Paul’s concern for these believers was the same as his concern for the church in Ephesus and the other churches in Asia—that they as local communities would “reach unity in the faith and in the knowledge [that is ‘the full riches of complete understanding’ Colossians 2:2] of the Son of God ” (Ephesians 4:13). Then and only then would they become like Christ. If they continued in this direction, they would not be like “infants, tossed back and forth . . . by every wind of teaching and by the cunning and craftiness of men in their deceitful scheming” (Ephesians 4:14).
Becoming doctrinally stable was a problem for the believers in Colossae and Laodicea, just as it was for those in Ephesus and in the churches of Asia. This is why Paul wrote: “I tell you this so that no one may deceive you by fine-sounding arguments” (Colossians 2:4). They needed to know that in Christ are “hidden all the treasures of wisdom and knowledge” (2:3)—that truth is not to be found in the wisdom of this world (see 1 Corinthians 2:1–5 and James 3:13–18).
The moment we take our eyes off of the Lord Jesus Christ as our model and example, we cease to be the local church God intended us to be! We can have no other focus and still be truly Christian—and mature. Paul made this point abundantly clear to the Colossians and Laodiceans who were dabbling in a belief system that Paul categorically called “hollow and deceptive philosophy” because it was based on “human tradition and the basic principles of this world rather than on Christ” (Colossians 2:8).
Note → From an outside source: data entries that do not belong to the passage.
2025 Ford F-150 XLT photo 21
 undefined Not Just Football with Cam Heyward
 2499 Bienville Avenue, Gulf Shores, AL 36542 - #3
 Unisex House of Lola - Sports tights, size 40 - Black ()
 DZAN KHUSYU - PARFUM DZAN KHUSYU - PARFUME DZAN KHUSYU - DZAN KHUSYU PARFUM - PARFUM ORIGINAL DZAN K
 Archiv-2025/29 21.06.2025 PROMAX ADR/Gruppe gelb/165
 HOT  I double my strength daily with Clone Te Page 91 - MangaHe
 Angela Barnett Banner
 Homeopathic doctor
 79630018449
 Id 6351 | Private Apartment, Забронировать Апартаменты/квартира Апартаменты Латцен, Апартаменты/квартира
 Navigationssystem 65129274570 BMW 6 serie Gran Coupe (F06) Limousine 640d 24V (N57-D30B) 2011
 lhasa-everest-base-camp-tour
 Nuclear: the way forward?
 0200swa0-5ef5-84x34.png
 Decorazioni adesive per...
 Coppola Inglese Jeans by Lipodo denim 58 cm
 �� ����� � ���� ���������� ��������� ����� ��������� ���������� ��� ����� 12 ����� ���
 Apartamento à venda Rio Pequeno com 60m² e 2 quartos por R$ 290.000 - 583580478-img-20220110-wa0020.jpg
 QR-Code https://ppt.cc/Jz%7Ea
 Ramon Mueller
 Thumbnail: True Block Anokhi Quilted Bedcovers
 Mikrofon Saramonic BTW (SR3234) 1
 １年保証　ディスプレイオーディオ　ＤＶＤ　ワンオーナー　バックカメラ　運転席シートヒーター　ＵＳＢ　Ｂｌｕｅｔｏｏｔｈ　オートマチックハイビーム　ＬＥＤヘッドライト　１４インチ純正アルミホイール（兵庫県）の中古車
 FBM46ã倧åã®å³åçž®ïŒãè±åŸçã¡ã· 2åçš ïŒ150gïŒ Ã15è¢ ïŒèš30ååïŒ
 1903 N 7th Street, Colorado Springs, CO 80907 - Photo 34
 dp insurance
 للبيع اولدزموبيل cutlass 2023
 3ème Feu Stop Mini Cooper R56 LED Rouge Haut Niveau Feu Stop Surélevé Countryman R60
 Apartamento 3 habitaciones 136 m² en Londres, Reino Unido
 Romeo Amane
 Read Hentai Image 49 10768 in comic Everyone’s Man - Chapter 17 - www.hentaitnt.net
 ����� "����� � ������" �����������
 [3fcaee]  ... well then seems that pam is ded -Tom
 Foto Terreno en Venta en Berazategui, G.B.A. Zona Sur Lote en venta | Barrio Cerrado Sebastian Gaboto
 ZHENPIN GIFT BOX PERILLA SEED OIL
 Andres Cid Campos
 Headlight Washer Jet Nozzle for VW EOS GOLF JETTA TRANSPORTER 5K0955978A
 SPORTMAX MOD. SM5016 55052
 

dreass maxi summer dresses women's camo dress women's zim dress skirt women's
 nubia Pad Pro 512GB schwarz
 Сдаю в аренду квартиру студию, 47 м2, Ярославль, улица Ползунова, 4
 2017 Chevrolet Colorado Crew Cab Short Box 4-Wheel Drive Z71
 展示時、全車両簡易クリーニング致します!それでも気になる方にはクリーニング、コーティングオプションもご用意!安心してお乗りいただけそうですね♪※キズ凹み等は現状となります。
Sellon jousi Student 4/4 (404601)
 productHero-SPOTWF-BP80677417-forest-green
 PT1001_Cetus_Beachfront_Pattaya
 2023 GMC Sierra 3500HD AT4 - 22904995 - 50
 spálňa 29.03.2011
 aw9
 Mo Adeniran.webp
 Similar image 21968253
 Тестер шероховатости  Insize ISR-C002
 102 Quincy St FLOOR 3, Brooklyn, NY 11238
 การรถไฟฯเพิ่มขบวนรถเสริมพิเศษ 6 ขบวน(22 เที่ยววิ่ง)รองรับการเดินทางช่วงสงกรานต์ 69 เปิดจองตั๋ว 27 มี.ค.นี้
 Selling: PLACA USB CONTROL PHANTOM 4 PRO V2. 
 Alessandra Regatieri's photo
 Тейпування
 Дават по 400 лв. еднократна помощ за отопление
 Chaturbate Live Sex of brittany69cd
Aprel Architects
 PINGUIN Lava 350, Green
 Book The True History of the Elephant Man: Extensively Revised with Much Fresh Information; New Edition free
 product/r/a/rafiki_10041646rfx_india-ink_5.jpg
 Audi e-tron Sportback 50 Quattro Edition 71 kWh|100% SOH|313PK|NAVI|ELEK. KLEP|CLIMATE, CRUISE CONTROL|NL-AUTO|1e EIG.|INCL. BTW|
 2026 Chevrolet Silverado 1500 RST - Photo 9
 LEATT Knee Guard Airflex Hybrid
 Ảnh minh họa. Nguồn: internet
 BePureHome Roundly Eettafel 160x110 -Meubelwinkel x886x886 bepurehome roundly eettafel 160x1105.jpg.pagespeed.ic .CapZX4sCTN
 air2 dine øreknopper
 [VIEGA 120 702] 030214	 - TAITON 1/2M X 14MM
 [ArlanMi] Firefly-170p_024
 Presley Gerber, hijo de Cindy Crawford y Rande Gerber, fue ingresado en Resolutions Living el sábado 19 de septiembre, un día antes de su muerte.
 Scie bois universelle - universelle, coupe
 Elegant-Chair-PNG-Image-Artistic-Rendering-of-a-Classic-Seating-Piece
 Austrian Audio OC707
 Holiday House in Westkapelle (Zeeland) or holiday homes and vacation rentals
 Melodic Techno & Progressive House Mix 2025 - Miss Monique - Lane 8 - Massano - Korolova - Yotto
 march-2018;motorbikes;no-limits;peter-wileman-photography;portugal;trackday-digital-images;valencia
Paul also made clear the distinction between our corporate life on this earth and our corporate life in heaven. While on earth, we are to become more and more like Christ. However, in heaven, we’ll be like Christ in His perfection. “When Christ, who is your life, appears,” Paul wrote, “then you also will appear with him in glory” (Colossians 3:4). In other words, as John stated, we will “be like him, for we shall see him as he is” (1 John 3:2). At that moment, “we will all be changed—in a flash, in the twinkling of an eye” (1 Corinthians 15:51–52). Perfection will have come, and the imperfect will have disappeared (see 1 Corinthians 13:10). We will no longer “know in part”; rather, we will “know fully” (1 Corinthians 13:12). We’ll be face-to-face with our Savior, the Lord Jesus Christ.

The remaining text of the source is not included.